Reusable shopping bag
B.Y.O.B. doesn’t refer to frosty cold alcoholic drinks anymore—it refers to going without those ubiquitous, use-and-toss plastic bags. You can find canvas shopping bags all over the place, but we particularly like this one for its handy extra pockets and sturdy build. $44 at Sustain.
Standard candles are made from—get this—petroleum. Ditch the fake, cloying scents and get some buzz going with a pure beeswax candle. Like the label says, it does indeed smell like honey! $13.95 at Blue Ridge Eco Shop.
It is the humblest of foods, but white vinegar has no equal when it comes to getting your house clean. (See Tips from Better World Betty for green cleaning recipes.) And check the price: It’s way more affordable than stocking up on a different chemical cleaner for every surface. $1.75 at Harris Teeter.
It can be hard to break the paper towel habit, but it’s easier when you get to use biodegradable sponge cloths to clean up spills and wipe down counters: They’re soft, easy to rinse and can be put through the dishwasher. Or, sterilize by boiling. $3.99 at Blue Ridge Eco Shop.
If you’re gonna grow anything, a couple of tomato plants are a good bet. There’s nothing like providing a little of your own food from the backyard, and there’s nothing like a warm, juicy tomato picked on a sunny day in August. These organic seeds are from local company Southern Exposure Seed Exchange. $2.50 at Fifth Season Gardening.
Clothes drying rack
Unless you need all your socks to be dry in the next 30 minutes, letting the air do the work is just as effective as that big, bad, power-guzzlin’ dryer. A rack is more convenient than a clothesline and works in all seasons. $49.95 at Blue Ridge Eco Shop.
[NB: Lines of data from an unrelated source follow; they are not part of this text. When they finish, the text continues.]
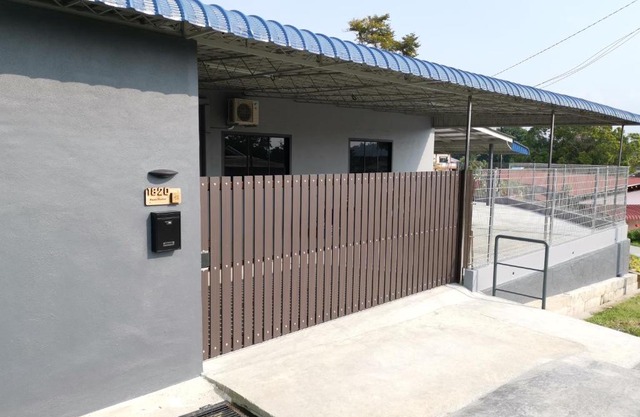 Aqua Shelter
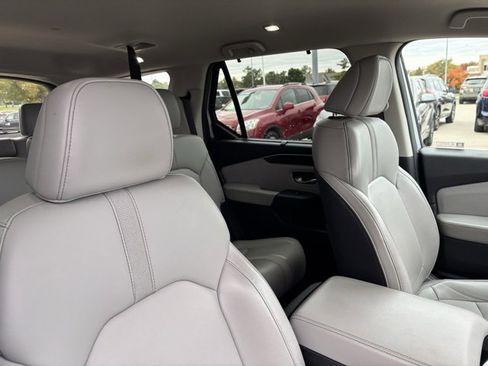Used 2023 Honda Pilot EX-L image 25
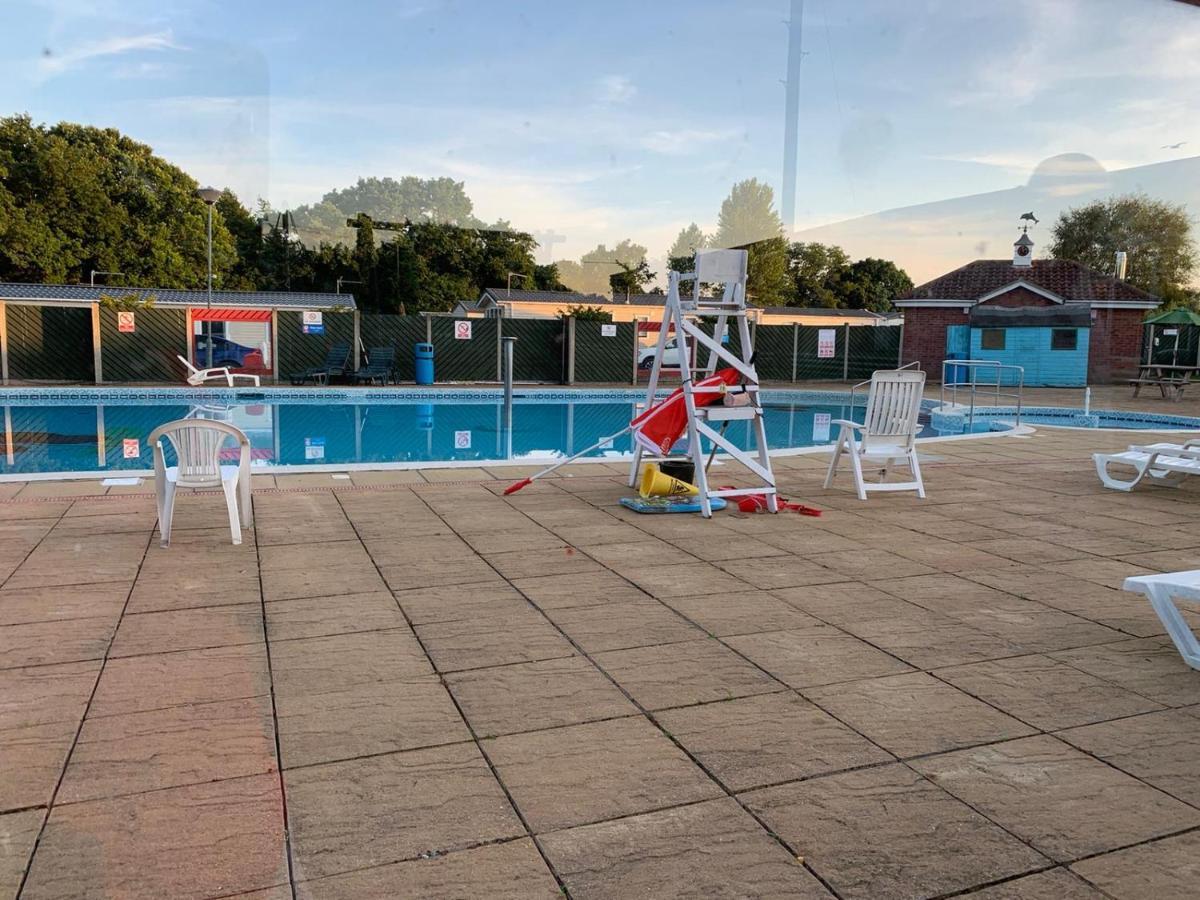 Norfolk Caravan Staycation Pet Friendly Belton with Browston Екстер'єр фото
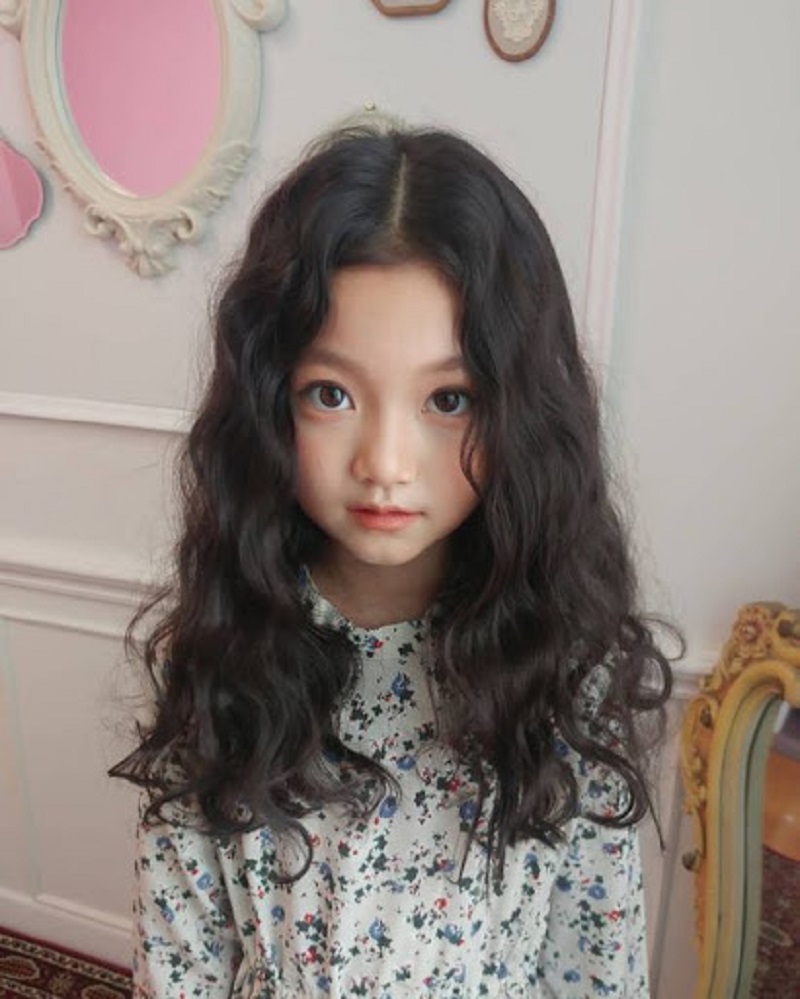 Top 7 kiểu tóc xoăn cho bé gái 10 tuổi mẹ chớ bỏ qua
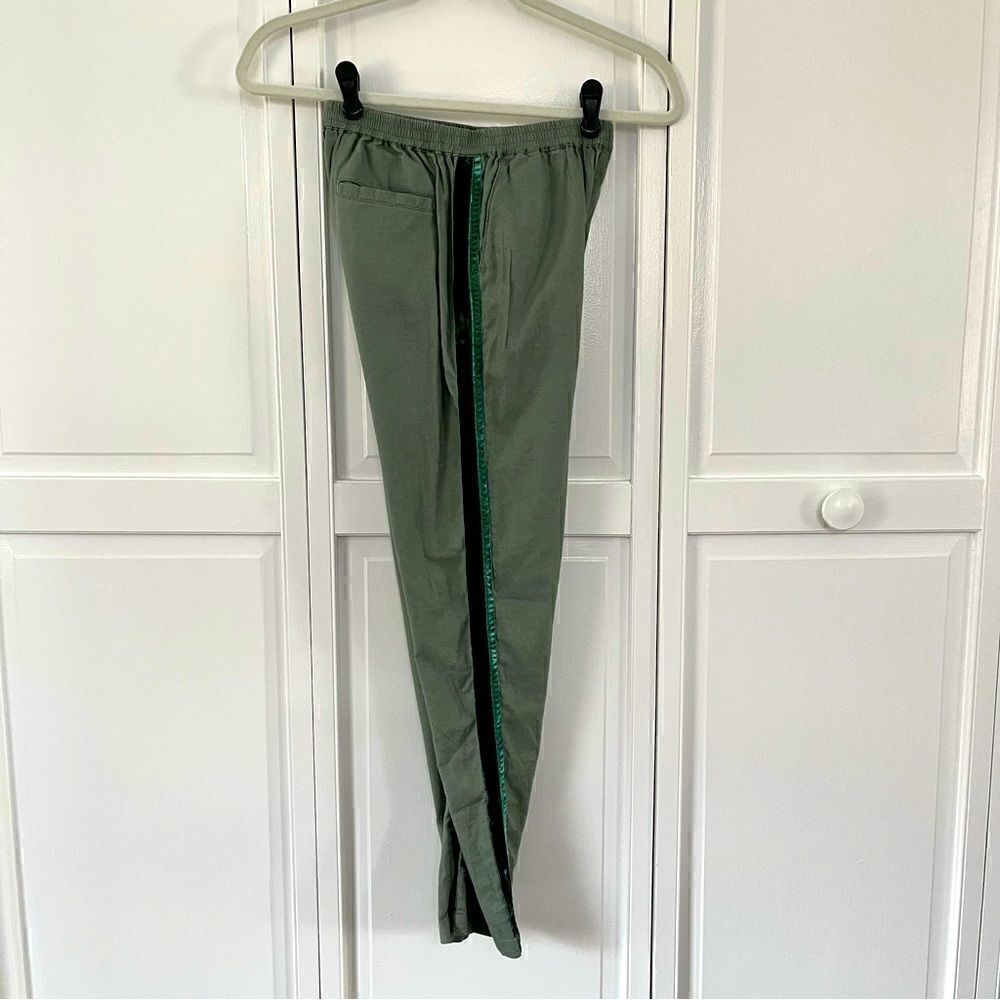 Boden Girls Tuxedo Stripe Olive Army Green Soft Pull On Pants Size 11 - Picture 2 of 9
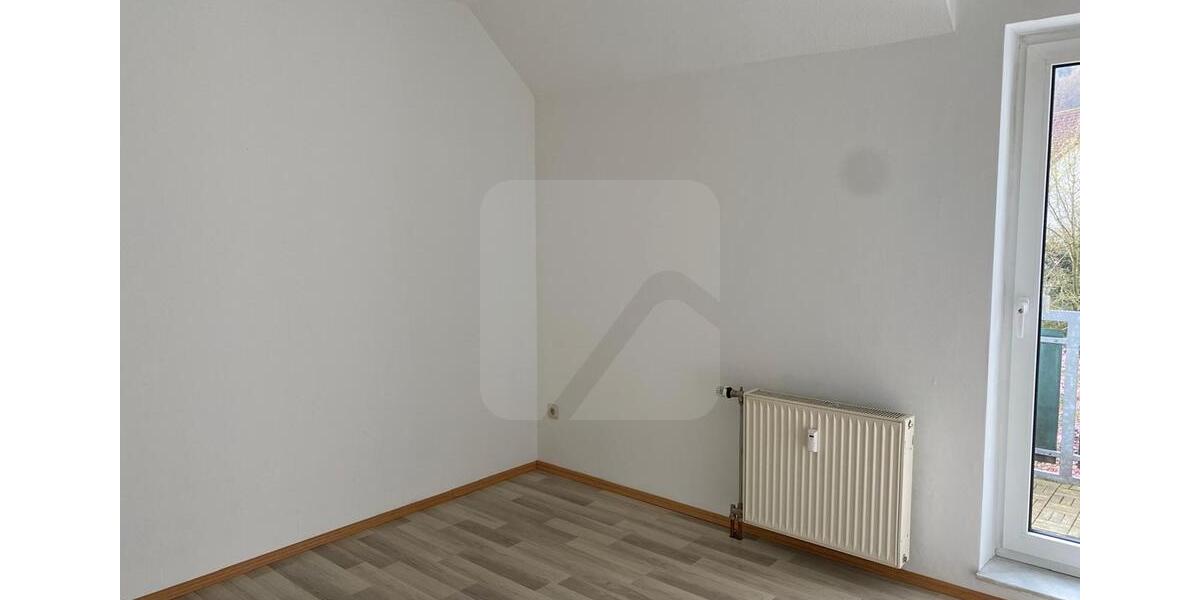 Dachgeschoßwohnung Iserlohn Grüne - 3 Zimmer, 69 m&sup2;, 520&euro; | Angebot:25903388
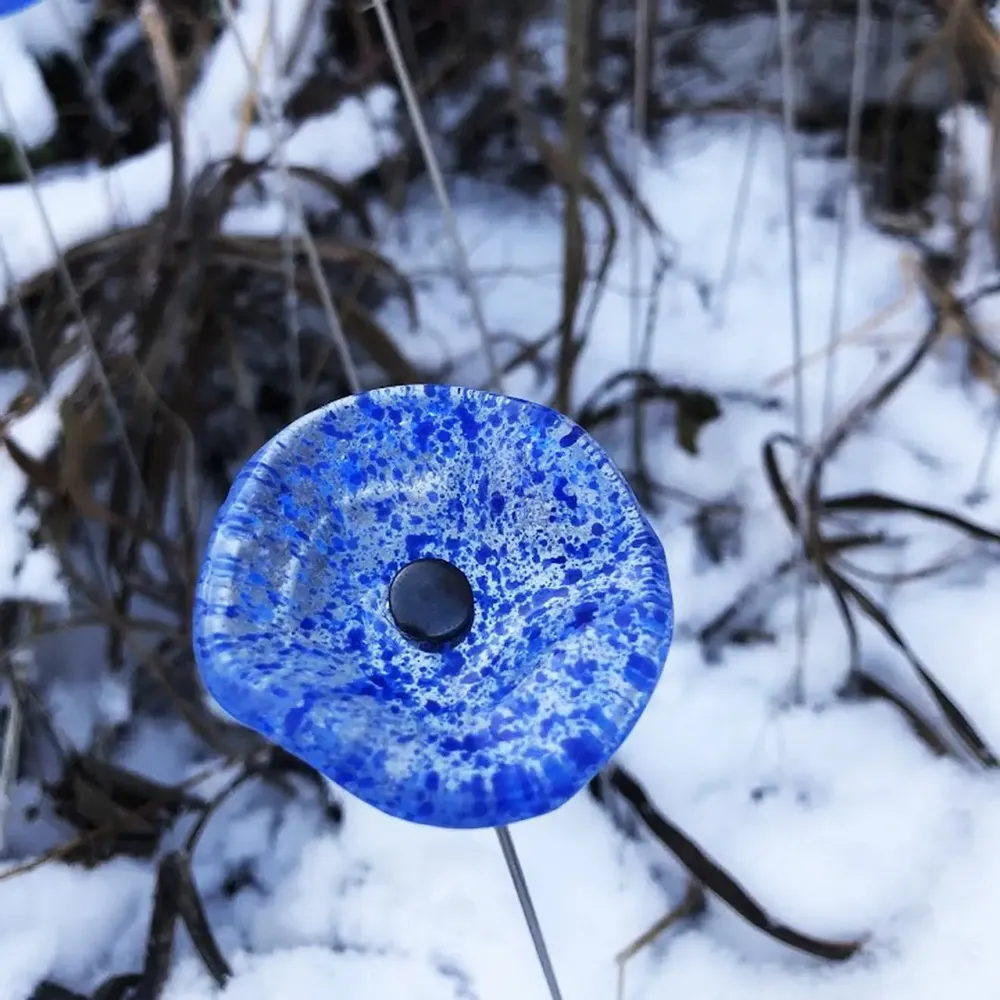 Floral decoration - Round flower for outdoor in transparent, dark blue, light blue colour - CARNEOL GLASS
When you want something more soapy than white vinegar for cleaning, Dr. Bronner’s is a good bet. It’s organic and made from earth-friendly stuff like peppermint oil and citric acid—and it has a million uses, from scrubbing floors to shampooing hair. $7.99 at Integral Yoga Natural Foods.
Glass food storage
Traditional plastic isn’t the greatest for your health, especially when you microwave it, and it also tends to get stained, warped and generally beat-up after a while. Not so with glass. Once you’ve made the leap, you’ll never go back. Set of three containers, $17.95 at Blue Ridge Eco Shop.